## [What you will do]
Omit all pictures. Quote the lines from the one with "image for item" through the end of the listing below, exactly as they appear.

## [Dataset]

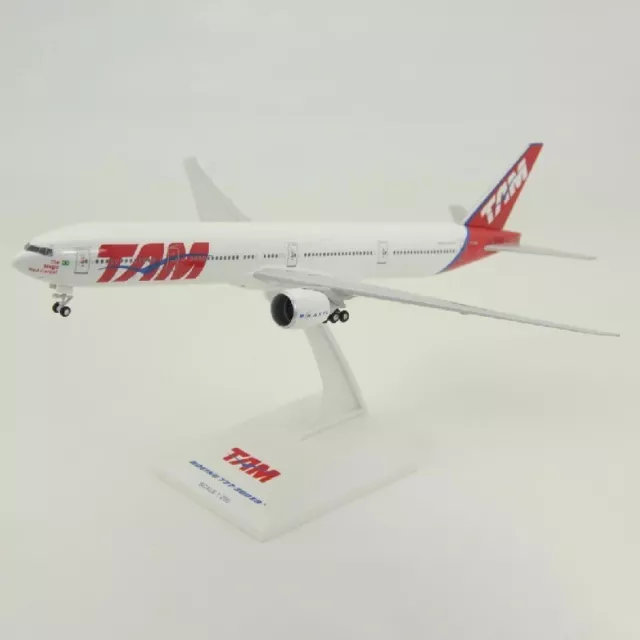 1/200 Scale Airplane Model - Brazil TAM Airlines Boeing B777-300ER PT-MSI Model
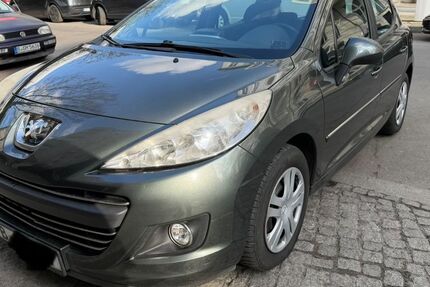 Peugeot 207 112.000 km 5.000 &euro; Berlin 10625
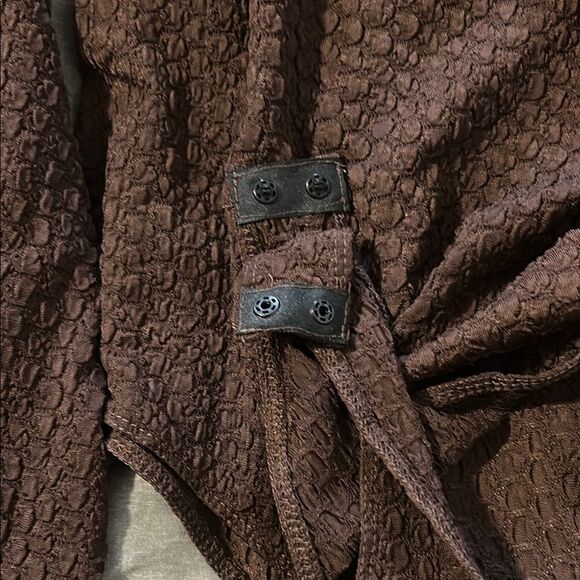 🖤2/$25 Elegant Brown Long Sleeve Women's Top - Picture 4 of 5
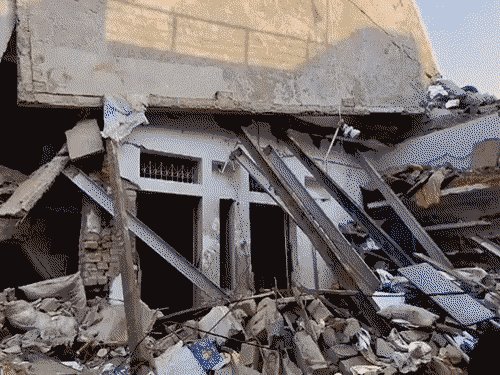 राजू के मकान से नीले-ड्रम में 5 बोरी बारूद मिली:वाराणसी में पड़ोसी बोले- गृहस्थी बर्बाद, हमें मुआवजा कब मिलेगा; मलबे में अब भी गंध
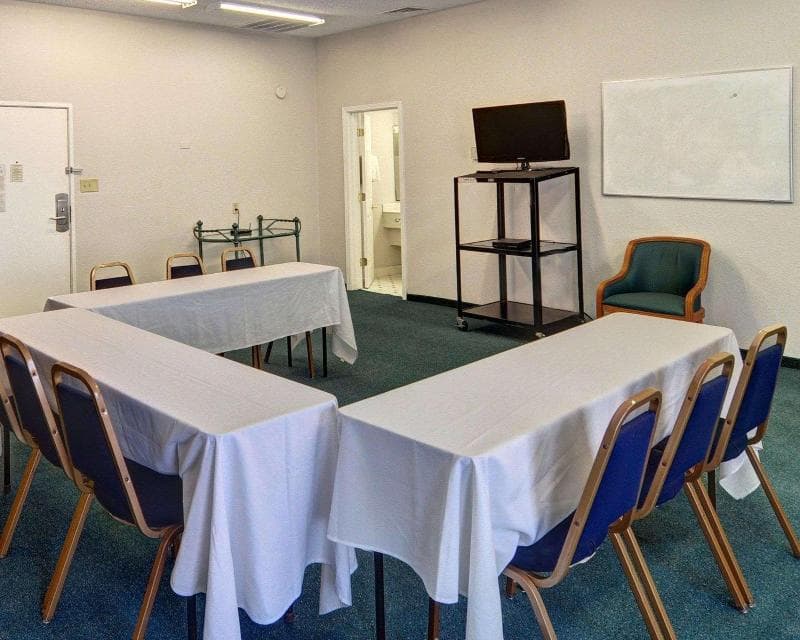 Quality Inn 4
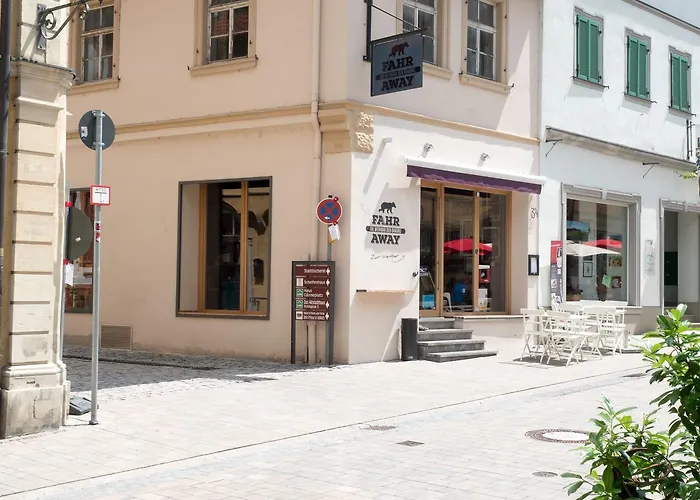 Hotel - Weinbar Fahr Away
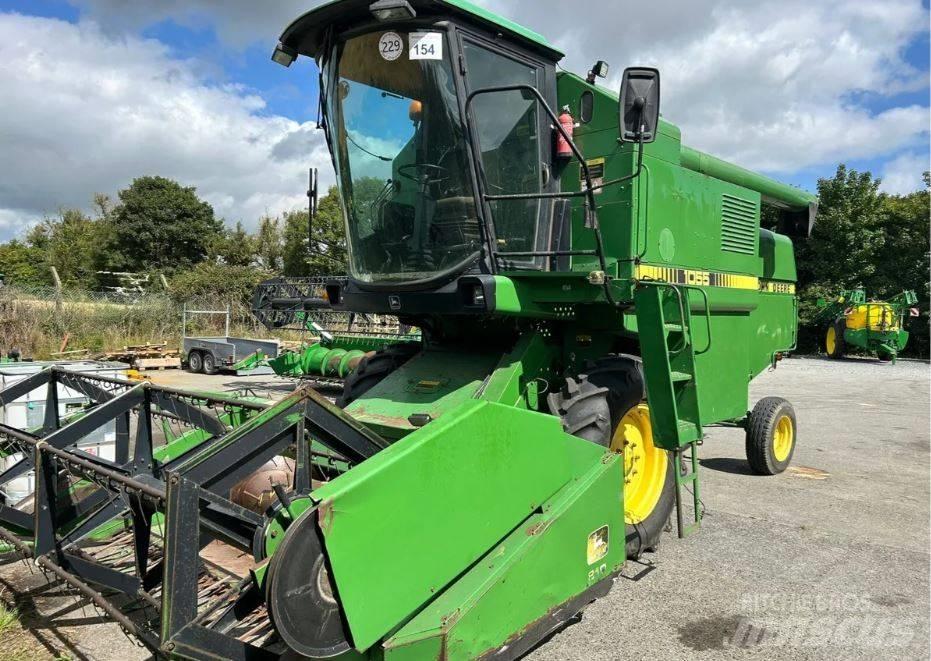 John Deere 1055 联合收割机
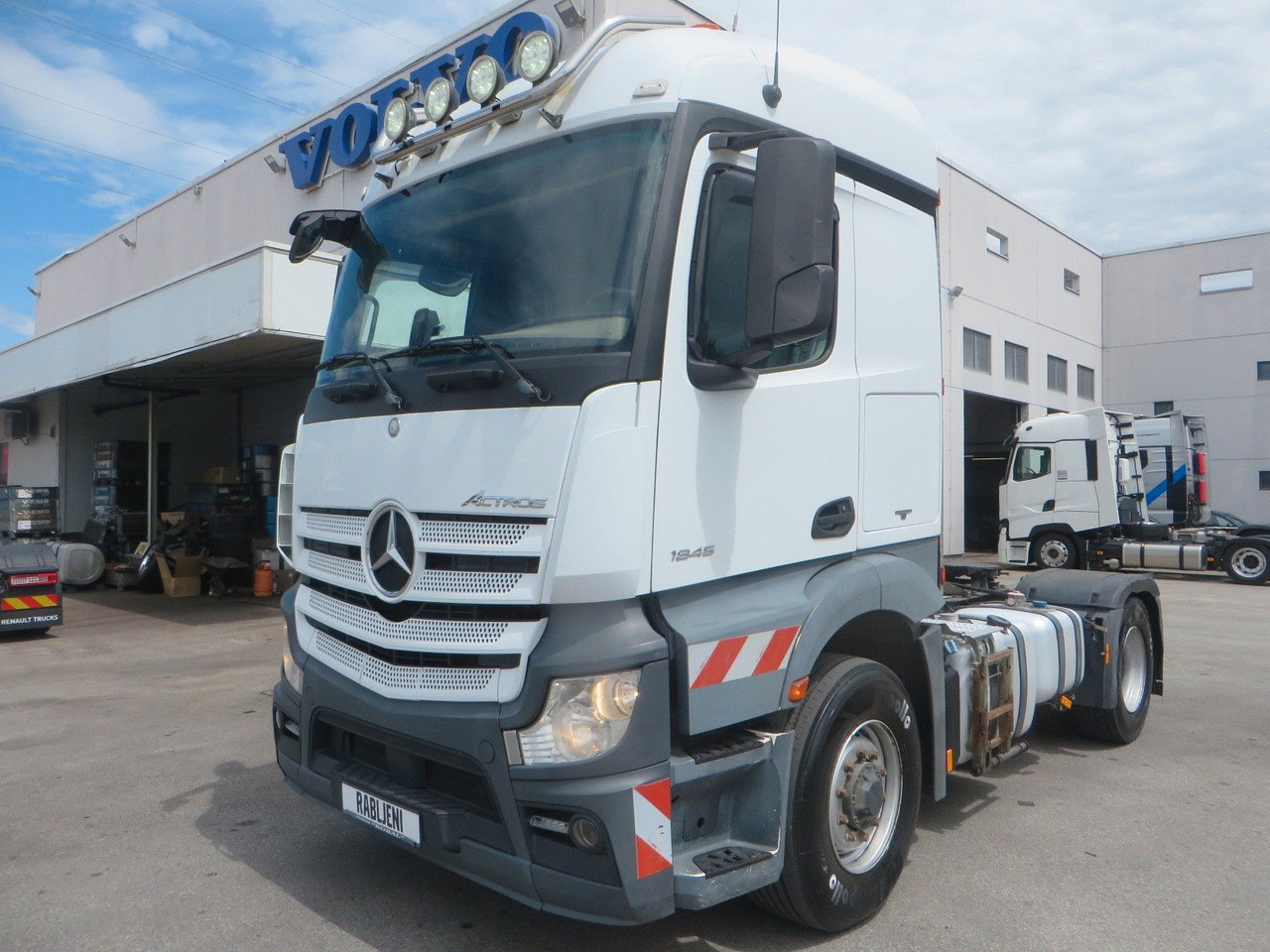 Mercedes-Benz Actros 1845 LS Retarder Hydraulic - Tractor: foto 1 Mercedes-Benz Actros 1845 LS Retarder Hydraulic - Tractor: foto 1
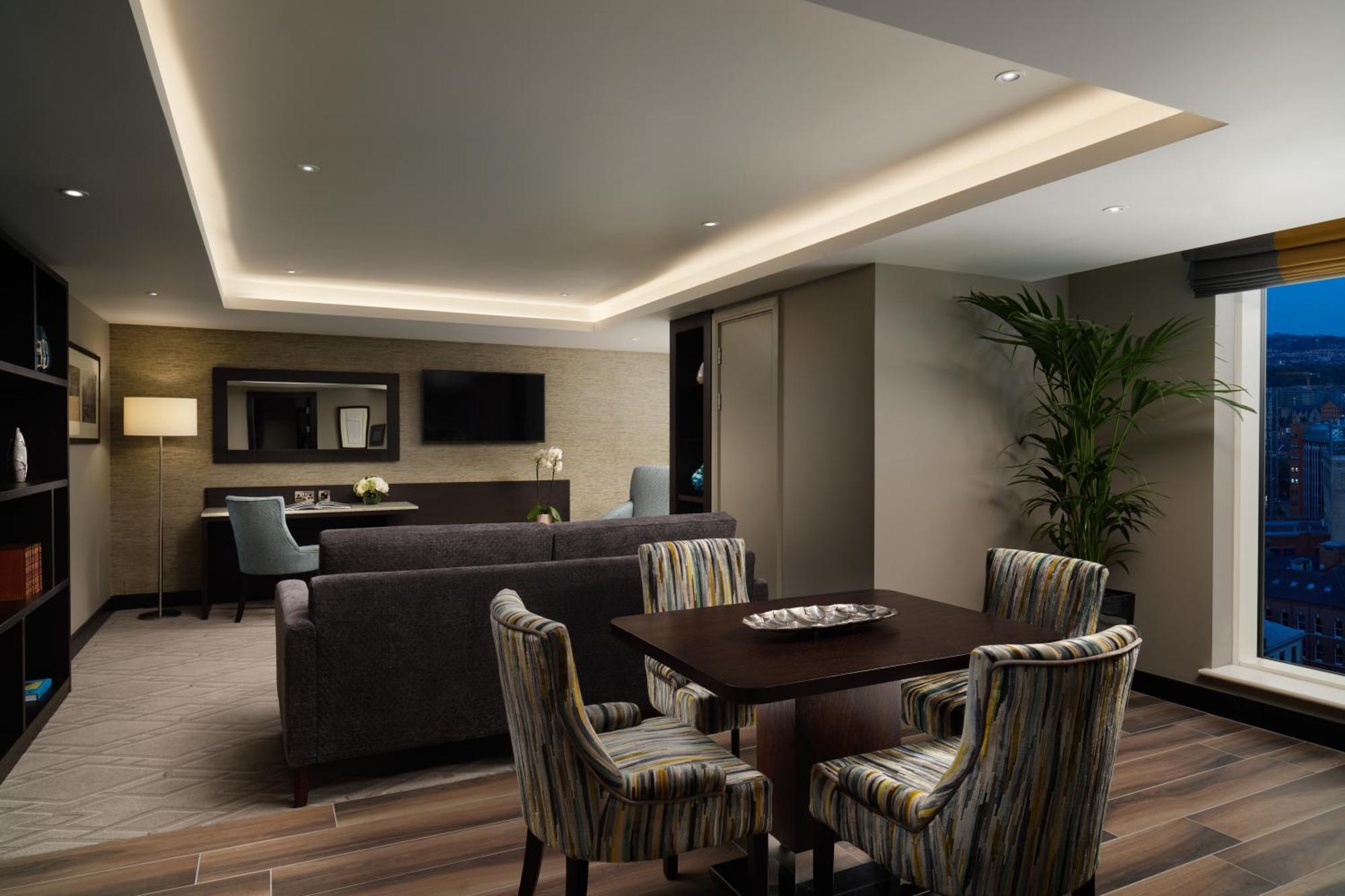 Deluxe Suite
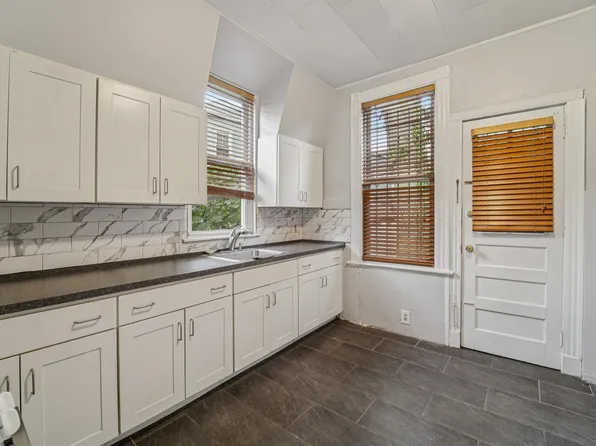 9 Howard Place image 13 of 38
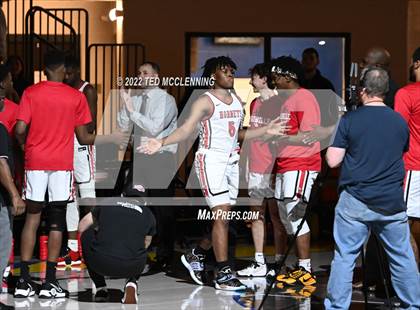 Thumbnail 2 in Maumelle vs. Vilonia  (AAA 5A State Playoff 1st round) photogallery.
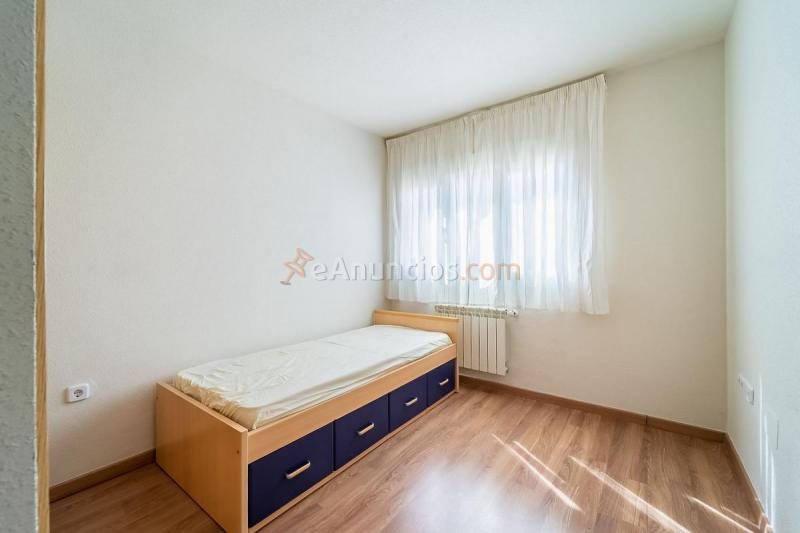 Adosado en venta en  Torija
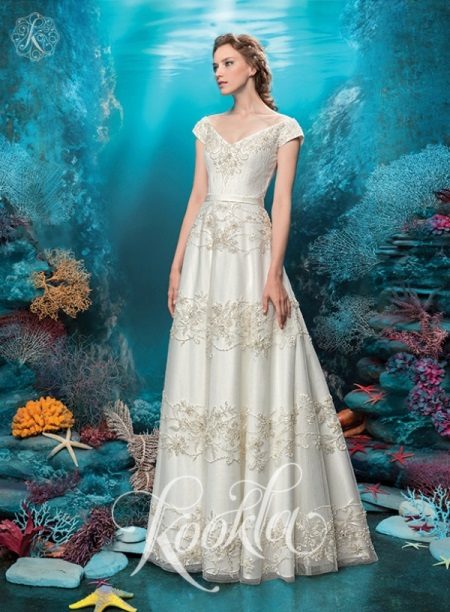 Luxurious Doll Wedding Dress with Pearls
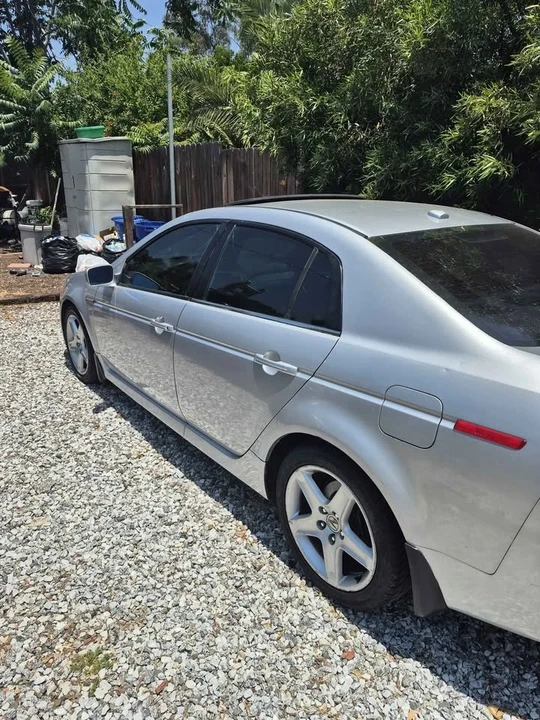 2005 Acura TL 3rd Gen - Image 4 of 6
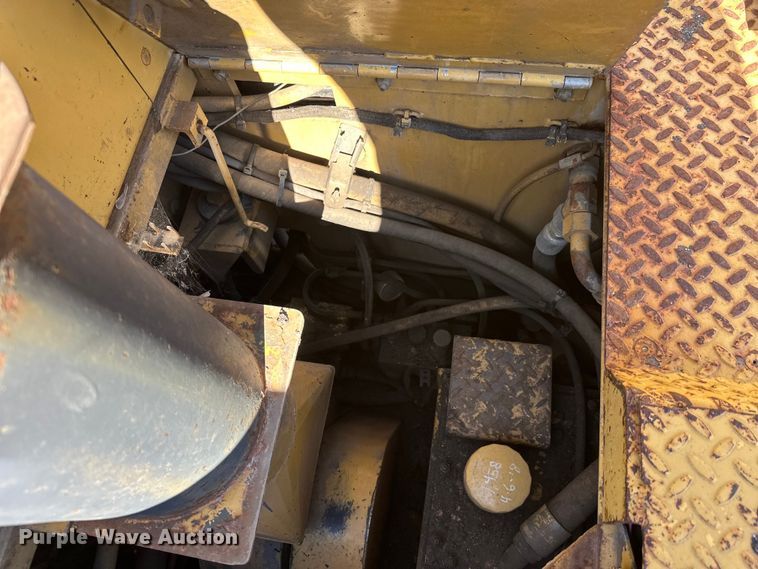 image for item FK1844 1998 Caterpillar AP-650-B paver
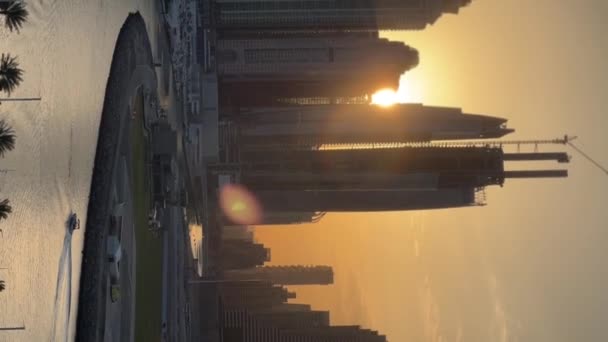 Dubai Business Bay Panoramik Görüntüsü Yat Limanında Tekne Dikey Video — Stok video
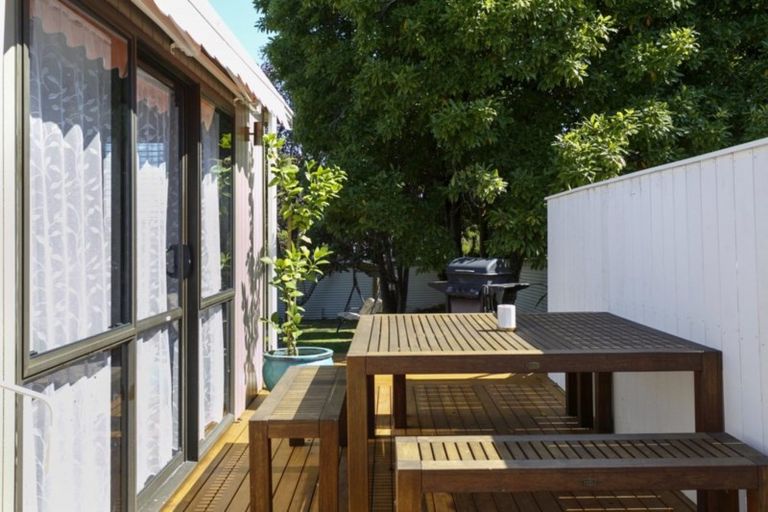 Photo of property in 32a Tamatea Road, Taupo, 3330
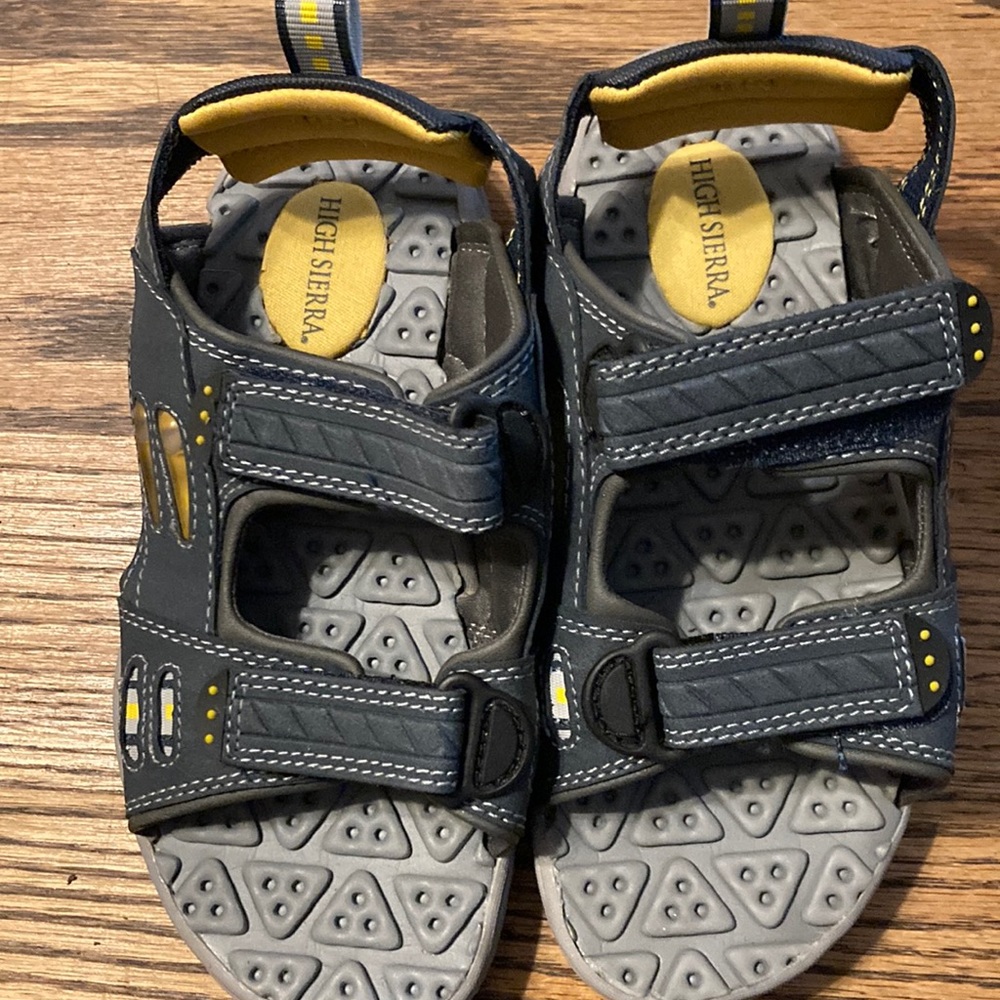 High Sierra Little Boy’s Sandals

## [Solved exercise]
 image for item FK1844 1998 Caterpillar AP-650-B paver
 Dubai Business Bay Panoramik Görüntüsü Yat Limanında Tekne Dikey Video — Stok video
 Photo of property in 32a Tamatea Road, Taupo, 3330
 High Sierra Little Boy’s Sandals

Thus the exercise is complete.